I share it because usually things need to be named before they can be transformed. Too often we fail to transform because we fail to name, and we fail to name because, as people of privilege, we especially seem to dislike the discomfort of the naming. If you’re already uncomfortable by what I just wrote, consider this your opportunity to stop reading and move on.
“How does this end,” I have wondered, “if people of faith are unwilling to stand up and boldly model a better way of political engagement? Will we continue to spin and spiral in darkness, waging war with the weapons of our murderous words until everyone is dead inside? Or will we lay down our killing words and enter life-giving conversations sharing hopeful stories about the way the world could be?”
I enter my garden to remember that life and revival can cut even through the hardest crust of winter. I enter my garden for the tactile reminder that persistent planting, watering, weeding, pruning, tending and coaxing can nourish a life-giving community of green things as they push up out of the ground. I enter my garden to see the fruit of hard work- to know that all the bending and kneeling under the heat of summer with sweat piling in the folds and creases of my skin and dripping off my chin in heavy drops, nearly always yields good things. I enter my garden when I need to be reminded of how the world can be if we work diligently towards the vision of it’s fruition.
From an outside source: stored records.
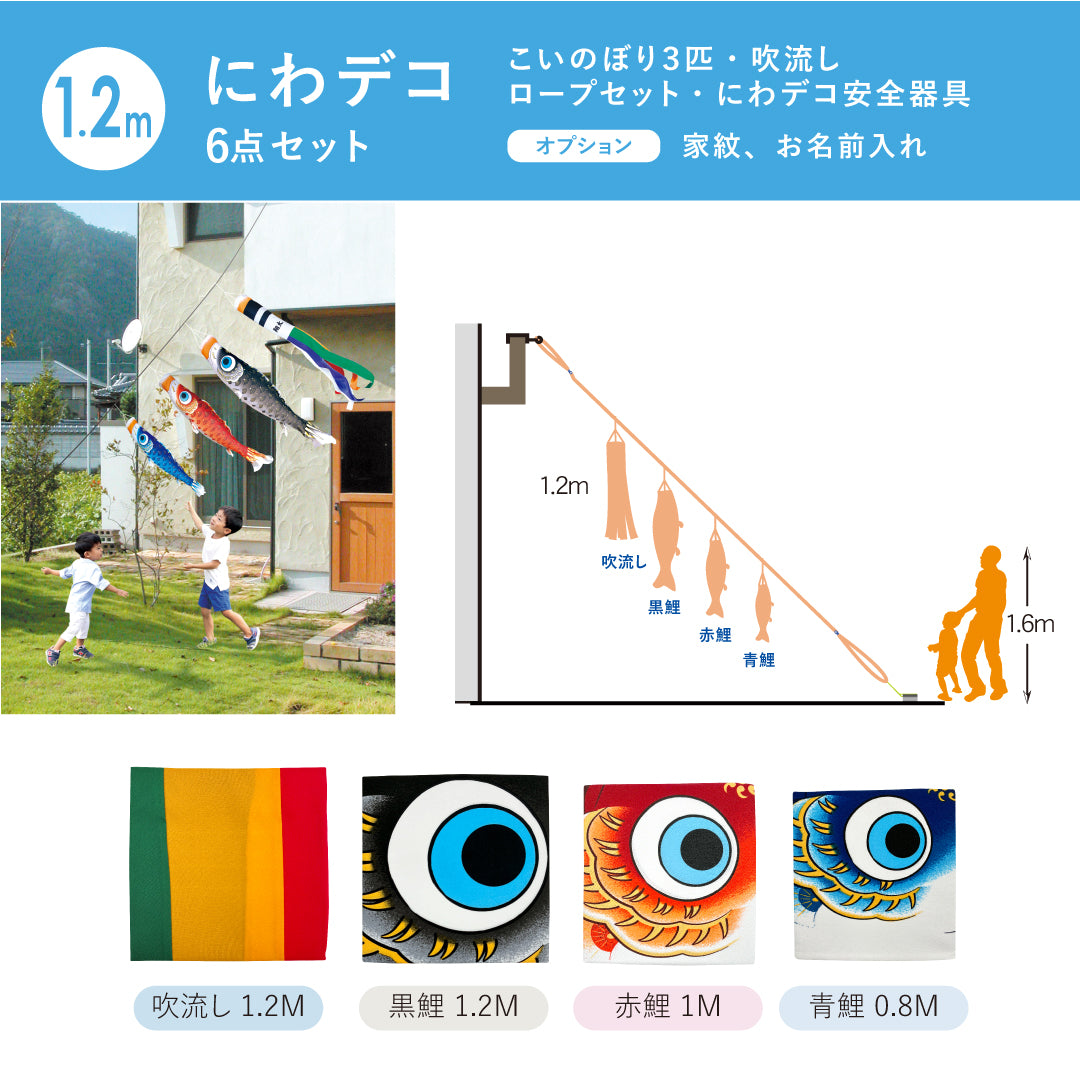 古典鯉幟【夢はるか】６点にわデコセット
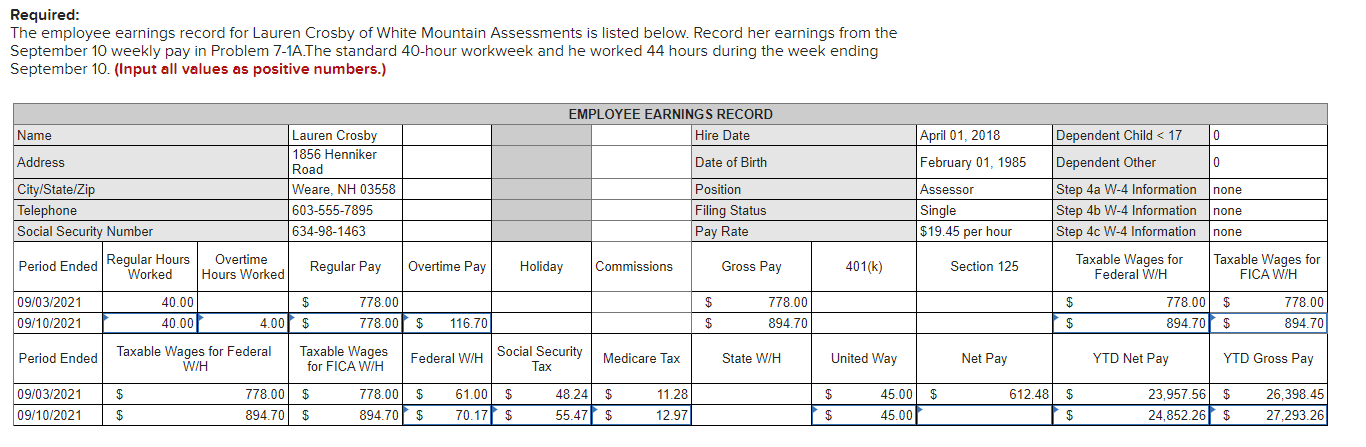 following information applies to the questions displayed below.] Alanis Morgan owns White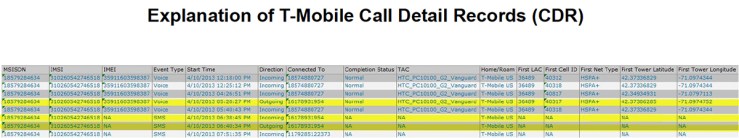 tamerlan4-10-13-calllog-fullsample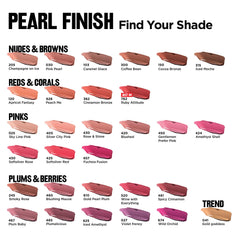 Revlon in evening outfit setting showing glam-ready color and polish benefit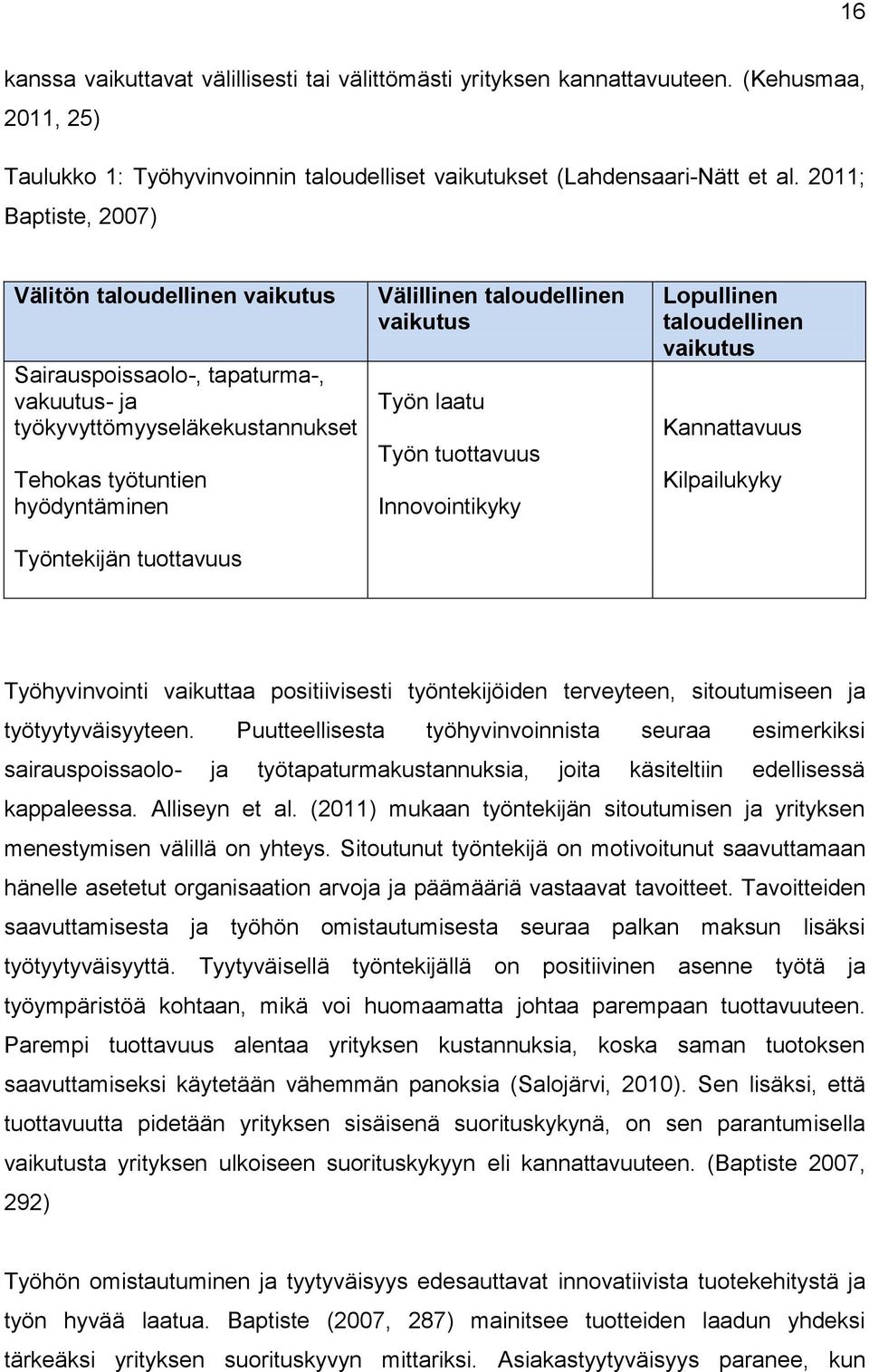 taloudellinen vaikutus Työn laatu Työn tuottavuus Innovointikyky Lopullinen taloudellinen vaikutus Kannattavuus Kilpailukyky Työhyvinvointi vaikuttaa positiivisesti työntekijöiden terveyteen,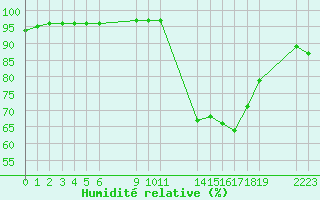 Courbe de l'humidit relative pour Saint-Haon (43)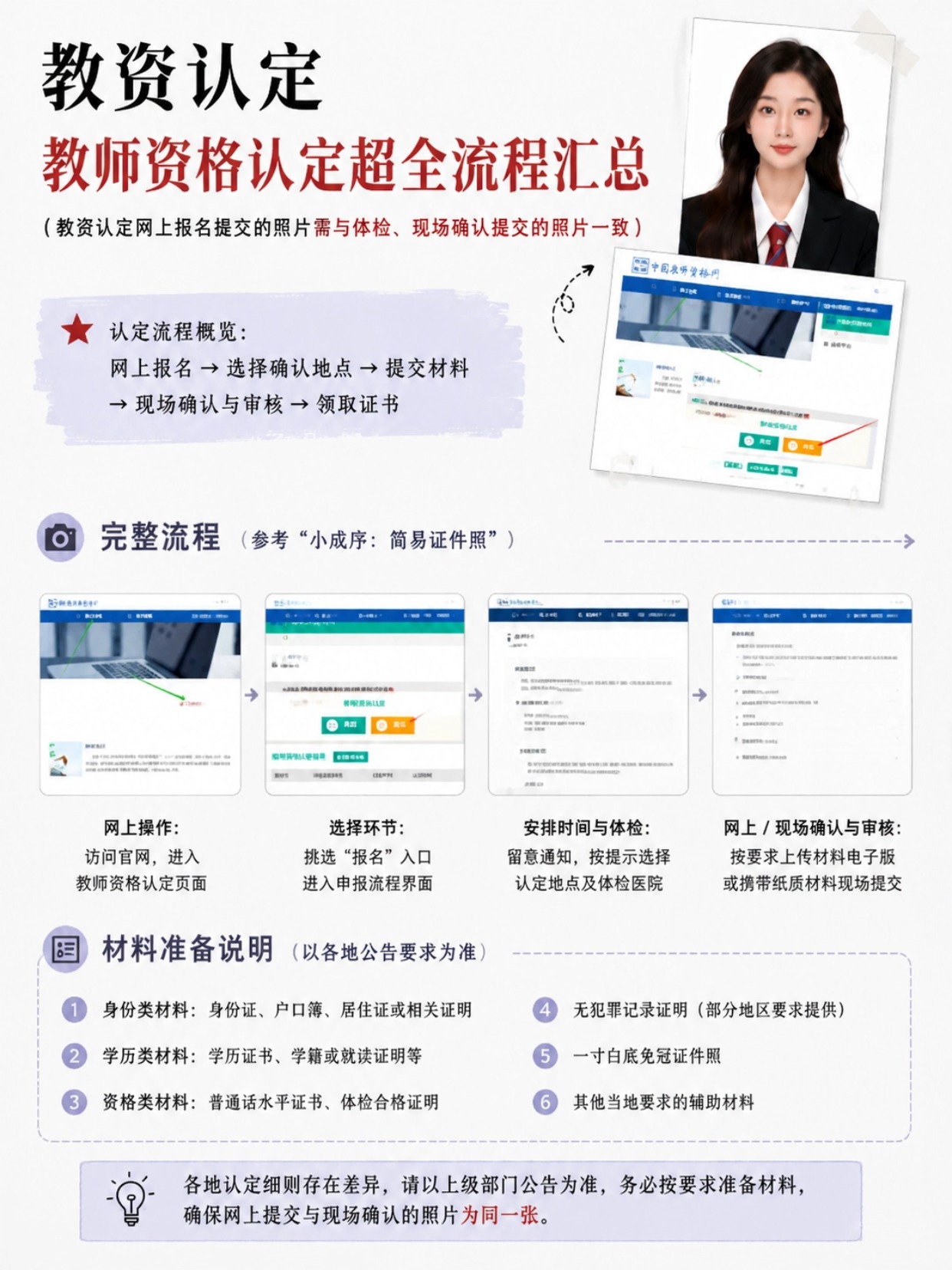 教资认定全攻略｜证件照规范+制作打印+申报全流程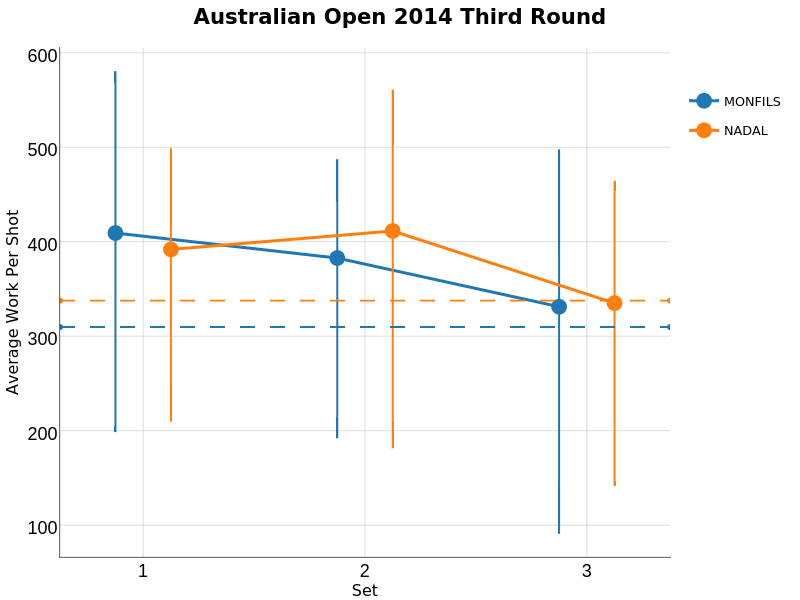  Australian Open 2014 Third Round  |  made by On-the-t | plotly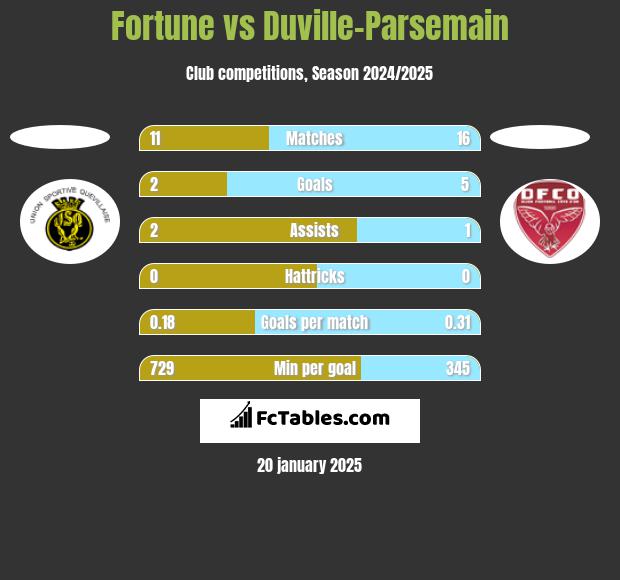 Fortune vs Duville-Parsemain h2h player stats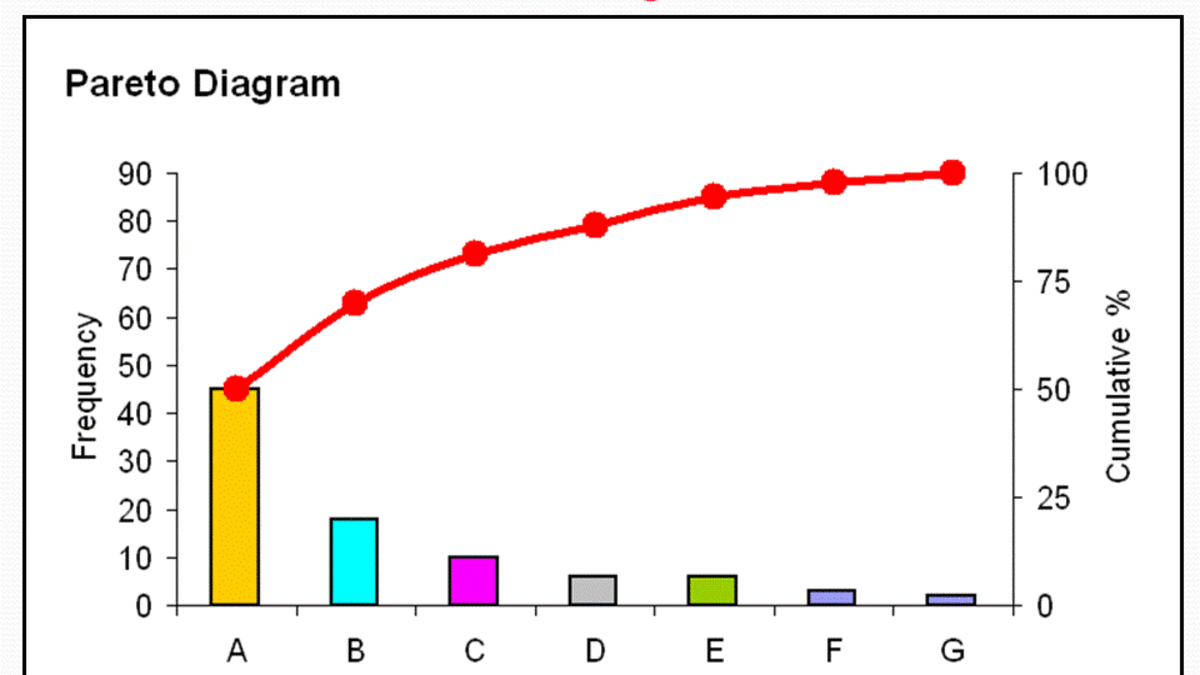 A Five-Step Formula to Find Your Niche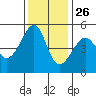 San Francisco Pier 41 tide chart for Tuesday, November 26, 2024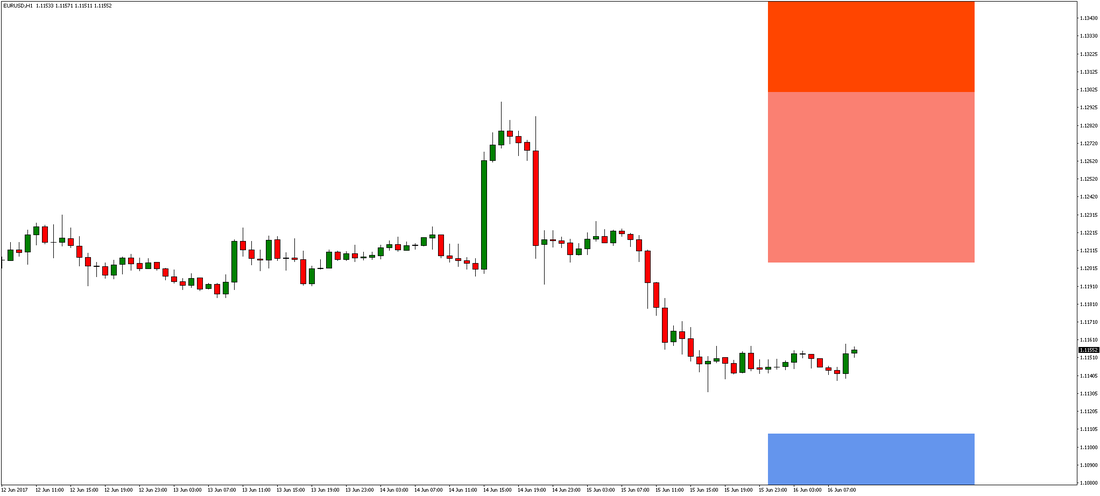 1-Hour EUR/USD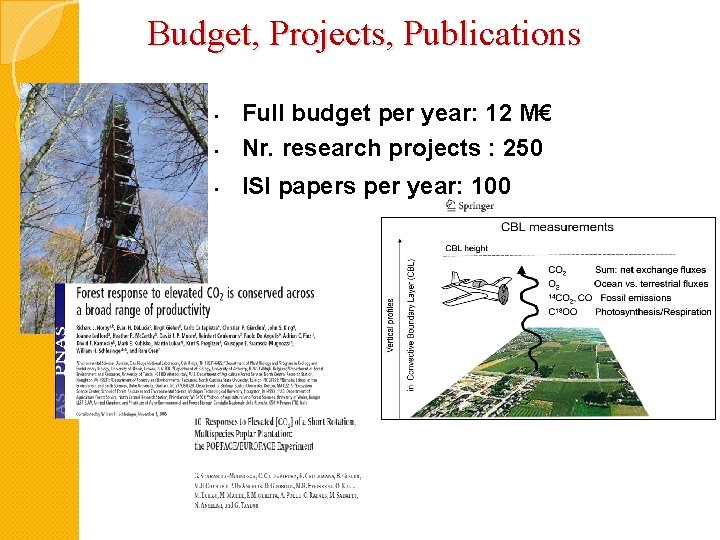 Budget, Projects, Publications • Full budget per year: 12 M€ Nr. research projects :
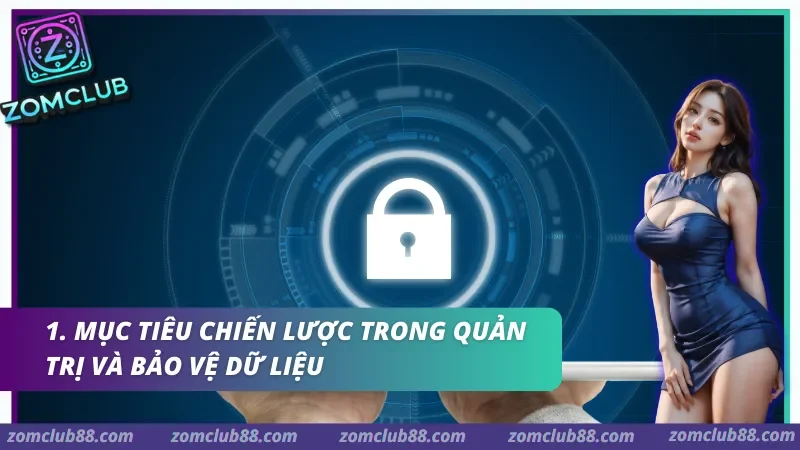 Khảo sát mục tiêu: Quản trị quyền lợi và bảo vệ dữ liệu hội viên thông qua kiến trúc mã hóa đa lớp ghi nhận năm 2026.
The last few years have been like bits of gravel pocketed in my cheeks and scraping around in my mouth alongside sweet saving dollops of honey that roll around on the tongue and remind me of the goodness of life. My husband, a pastor, ran for the United States Congress. . .as a Democrat.
A Christian pastor. . .running as a Democrat. . .in West Michigan. I hardly need to spell out for the readers of this journal how that went. We knew it would be a difficult experience given that we live in a predominantly white, Christian, conservative Republican community. We never imagined the extent of the vile things that would casually dribble from the mouths of the people around us.
Needless to say, I’ve been spending a lot of time on my knees in the garden as of late.
By the end of what surely was the most divisive and tumultuous U.S. election season my generation has ever experienced, we had moved out of our house twice because of concerns of violence and harassment at our home, on a regular basis people drove by our house slowly with the windows down shouting obscenities before peeling off with a roar.
Several families in our Christian school community made it clear through emails, anonymous snail mail, Facebook messages, and icy stares that our family was unwelcome and unwanted at “their” school. Our kids endured more than I care to write about here. We were slandered in unmentionable and dehumanizing ways, even some local pastors told us straight up that we were not Christians if we voted for Democrats.
Strangers on Facebook — people who had never met us or engaged in meaningful dialogue with us — wrote monstrous heart-stopping words about our family and took giddy pleasure in publicly boasting about all the ugly things they would like to do to us — including how they would have their way with me and my then eleven year old daughter.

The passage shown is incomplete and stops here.